╭─ MATERIALS PROVIDED
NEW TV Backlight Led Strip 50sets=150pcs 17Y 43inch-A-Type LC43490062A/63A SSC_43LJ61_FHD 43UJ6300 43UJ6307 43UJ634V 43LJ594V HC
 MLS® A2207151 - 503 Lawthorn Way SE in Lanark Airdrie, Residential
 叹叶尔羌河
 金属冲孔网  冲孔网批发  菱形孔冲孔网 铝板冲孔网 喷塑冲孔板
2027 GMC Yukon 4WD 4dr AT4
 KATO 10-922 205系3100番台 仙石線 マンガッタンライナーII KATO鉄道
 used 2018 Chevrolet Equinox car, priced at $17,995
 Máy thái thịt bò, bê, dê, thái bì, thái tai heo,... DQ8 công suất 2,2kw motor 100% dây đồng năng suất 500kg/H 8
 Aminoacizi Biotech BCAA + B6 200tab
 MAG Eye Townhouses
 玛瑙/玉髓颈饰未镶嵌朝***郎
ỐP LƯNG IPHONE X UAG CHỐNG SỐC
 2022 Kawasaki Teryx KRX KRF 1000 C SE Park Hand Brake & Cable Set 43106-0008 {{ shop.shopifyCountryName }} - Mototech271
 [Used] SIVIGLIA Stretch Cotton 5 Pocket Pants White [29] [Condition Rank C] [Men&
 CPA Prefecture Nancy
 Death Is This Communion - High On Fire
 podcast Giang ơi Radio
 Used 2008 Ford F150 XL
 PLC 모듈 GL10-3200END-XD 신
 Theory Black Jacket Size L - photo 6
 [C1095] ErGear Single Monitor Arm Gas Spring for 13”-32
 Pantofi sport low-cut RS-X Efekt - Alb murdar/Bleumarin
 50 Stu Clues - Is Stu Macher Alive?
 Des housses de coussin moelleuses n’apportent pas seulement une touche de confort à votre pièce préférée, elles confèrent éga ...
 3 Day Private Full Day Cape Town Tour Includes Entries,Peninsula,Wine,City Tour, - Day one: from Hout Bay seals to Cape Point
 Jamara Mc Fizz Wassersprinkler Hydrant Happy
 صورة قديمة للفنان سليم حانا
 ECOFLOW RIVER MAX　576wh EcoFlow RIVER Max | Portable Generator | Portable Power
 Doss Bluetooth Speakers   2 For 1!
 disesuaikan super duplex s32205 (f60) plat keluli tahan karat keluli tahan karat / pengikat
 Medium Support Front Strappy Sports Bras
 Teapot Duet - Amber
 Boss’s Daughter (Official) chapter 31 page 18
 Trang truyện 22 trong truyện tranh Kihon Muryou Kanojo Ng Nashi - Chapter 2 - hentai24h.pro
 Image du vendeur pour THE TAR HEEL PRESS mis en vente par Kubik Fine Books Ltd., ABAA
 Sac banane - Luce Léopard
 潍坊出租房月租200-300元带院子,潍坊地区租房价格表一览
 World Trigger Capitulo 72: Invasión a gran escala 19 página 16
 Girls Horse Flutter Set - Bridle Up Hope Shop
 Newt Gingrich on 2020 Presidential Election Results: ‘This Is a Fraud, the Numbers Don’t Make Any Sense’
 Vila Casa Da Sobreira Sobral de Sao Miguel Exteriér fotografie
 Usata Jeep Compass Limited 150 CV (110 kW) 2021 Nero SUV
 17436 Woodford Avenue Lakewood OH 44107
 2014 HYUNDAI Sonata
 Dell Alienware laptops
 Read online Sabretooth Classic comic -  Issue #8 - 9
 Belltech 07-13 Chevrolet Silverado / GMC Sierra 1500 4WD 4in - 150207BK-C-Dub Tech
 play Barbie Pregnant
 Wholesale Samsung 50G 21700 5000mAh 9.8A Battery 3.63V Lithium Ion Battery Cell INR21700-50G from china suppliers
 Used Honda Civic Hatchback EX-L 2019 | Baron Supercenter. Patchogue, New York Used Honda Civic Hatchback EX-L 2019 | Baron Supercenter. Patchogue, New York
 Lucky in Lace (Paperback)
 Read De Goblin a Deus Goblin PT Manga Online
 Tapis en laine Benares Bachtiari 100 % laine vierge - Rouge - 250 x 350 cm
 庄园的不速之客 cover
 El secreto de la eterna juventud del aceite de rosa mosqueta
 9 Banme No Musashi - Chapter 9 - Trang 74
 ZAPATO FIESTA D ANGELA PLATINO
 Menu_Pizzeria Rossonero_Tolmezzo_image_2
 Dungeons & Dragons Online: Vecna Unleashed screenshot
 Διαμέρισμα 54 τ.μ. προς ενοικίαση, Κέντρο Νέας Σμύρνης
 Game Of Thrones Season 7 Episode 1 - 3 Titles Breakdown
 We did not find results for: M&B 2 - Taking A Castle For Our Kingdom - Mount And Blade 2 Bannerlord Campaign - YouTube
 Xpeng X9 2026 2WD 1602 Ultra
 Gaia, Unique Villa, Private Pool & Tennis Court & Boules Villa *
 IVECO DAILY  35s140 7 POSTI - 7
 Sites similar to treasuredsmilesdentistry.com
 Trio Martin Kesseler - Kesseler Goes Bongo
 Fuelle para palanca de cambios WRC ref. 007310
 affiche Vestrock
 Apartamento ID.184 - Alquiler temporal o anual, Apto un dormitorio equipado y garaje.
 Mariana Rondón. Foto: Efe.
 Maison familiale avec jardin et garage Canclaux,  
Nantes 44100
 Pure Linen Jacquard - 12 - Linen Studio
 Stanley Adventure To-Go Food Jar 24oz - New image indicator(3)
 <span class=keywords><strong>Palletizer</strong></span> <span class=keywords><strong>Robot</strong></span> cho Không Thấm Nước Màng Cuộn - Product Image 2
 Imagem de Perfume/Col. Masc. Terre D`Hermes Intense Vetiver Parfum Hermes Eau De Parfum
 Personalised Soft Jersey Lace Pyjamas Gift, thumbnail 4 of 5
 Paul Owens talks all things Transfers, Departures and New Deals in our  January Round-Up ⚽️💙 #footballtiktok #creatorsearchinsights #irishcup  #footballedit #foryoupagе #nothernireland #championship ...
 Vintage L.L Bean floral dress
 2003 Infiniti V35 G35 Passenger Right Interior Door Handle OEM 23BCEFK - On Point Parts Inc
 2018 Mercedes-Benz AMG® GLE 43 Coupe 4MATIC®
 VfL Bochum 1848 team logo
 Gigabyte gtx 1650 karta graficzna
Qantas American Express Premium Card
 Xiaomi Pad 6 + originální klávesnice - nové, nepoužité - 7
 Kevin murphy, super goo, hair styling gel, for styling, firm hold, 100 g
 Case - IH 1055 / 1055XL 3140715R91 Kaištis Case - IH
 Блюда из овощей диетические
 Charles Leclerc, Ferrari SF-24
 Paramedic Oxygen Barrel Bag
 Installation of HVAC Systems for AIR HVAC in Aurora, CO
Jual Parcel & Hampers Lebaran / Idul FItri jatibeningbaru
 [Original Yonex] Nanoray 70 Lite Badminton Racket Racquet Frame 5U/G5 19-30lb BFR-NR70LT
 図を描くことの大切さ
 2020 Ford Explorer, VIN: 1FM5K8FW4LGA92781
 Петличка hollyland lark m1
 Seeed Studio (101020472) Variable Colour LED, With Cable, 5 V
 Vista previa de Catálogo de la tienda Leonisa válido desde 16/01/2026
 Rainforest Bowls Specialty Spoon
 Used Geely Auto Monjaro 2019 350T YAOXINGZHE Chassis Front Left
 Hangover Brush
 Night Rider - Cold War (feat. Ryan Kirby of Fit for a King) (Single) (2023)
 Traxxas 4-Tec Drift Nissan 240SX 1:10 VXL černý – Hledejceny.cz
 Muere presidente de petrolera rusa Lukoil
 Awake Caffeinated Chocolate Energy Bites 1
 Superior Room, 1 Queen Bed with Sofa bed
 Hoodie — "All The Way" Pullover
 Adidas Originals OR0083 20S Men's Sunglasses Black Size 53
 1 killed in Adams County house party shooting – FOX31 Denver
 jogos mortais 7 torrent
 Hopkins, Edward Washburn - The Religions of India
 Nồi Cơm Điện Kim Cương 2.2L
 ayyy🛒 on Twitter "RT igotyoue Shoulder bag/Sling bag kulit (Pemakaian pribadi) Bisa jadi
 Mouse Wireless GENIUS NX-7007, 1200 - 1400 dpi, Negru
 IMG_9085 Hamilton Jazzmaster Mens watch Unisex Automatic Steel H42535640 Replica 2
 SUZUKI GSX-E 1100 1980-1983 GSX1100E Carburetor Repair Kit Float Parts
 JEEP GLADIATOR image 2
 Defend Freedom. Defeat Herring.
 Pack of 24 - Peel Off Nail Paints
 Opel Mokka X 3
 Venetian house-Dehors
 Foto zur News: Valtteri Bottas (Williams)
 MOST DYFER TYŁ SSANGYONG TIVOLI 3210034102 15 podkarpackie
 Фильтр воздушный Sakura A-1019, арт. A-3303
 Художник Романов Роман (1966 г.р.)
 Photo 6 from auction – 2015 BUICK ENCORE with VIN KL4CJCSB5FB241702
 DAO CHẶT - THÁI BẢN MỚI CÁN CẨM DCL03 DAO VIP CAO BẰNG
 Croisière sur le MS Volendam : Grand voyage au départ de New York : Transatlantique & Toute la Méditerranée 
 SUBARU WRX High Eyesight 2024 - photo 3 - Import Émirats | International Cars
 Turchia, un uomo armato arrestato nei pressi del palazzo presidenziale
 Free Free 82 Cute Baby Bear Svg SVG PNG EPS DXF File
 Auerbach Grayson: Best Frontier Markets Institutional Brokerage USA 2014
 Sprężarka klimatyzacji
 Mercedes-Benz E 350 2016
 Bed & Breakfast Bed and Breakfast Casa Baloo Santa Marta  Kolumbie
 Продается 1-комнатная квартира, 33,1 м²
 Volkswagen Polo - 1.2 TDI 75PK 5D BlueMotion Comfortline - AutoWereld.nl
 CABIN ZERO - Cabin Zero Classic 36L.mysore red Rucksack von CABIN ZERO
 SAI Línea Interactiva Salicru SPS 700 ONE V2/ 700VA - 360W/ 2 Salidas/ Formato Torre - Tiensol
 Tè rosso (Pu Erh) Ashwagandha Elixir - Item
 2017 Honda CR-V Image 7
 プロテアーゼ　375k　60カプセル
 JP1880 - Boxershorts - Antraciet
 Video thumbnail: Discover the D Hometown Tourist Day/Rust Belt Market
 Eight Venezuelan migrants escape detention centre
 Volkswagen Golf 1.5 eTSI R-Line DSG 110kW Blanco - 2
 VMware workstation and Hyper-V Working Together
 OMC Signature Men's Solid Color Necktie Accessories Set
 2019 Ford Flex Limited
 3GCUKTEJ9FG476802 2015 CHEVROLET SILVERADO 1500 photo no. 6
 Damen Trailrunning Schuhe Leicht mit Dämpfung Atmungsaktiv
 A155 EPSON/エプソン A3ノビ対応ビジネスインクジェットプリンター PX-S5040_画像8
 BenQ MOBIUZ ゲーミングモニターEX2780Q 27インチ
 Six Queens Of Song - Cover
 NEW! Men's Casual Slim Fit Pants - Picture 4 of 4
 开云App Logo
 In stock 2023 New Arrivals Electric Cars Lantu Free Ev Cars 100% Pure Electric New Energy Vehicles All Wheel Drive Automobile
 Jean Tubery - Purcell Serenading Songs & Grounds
╰─
PROBLEM DETAILS - Print the records verbatim, stopping after the "2027 GMC Yukon 4WD 4dr AT4" line.

SOLUTION TO THIS EXERCISE -
NEW TV Backlight Led Strip 50sets=150pcs 17Y 43inch-A-Type LC43490062A/63A SSC_43LJ61_FHD 43UJ6300 43UJ6307 43UJ634V 43LJ594V HC
 MLS® A2207151 - 503 Lawthorn Way SE in Lanark Airdrie, Residential
 叹叶尔羌河
 金属冲孔网  冲孔网批发  菱形孔冲孔网 铝板冲孔网 喷塑冲孔板
2027 GMC Yukon 4WD 4dr AT4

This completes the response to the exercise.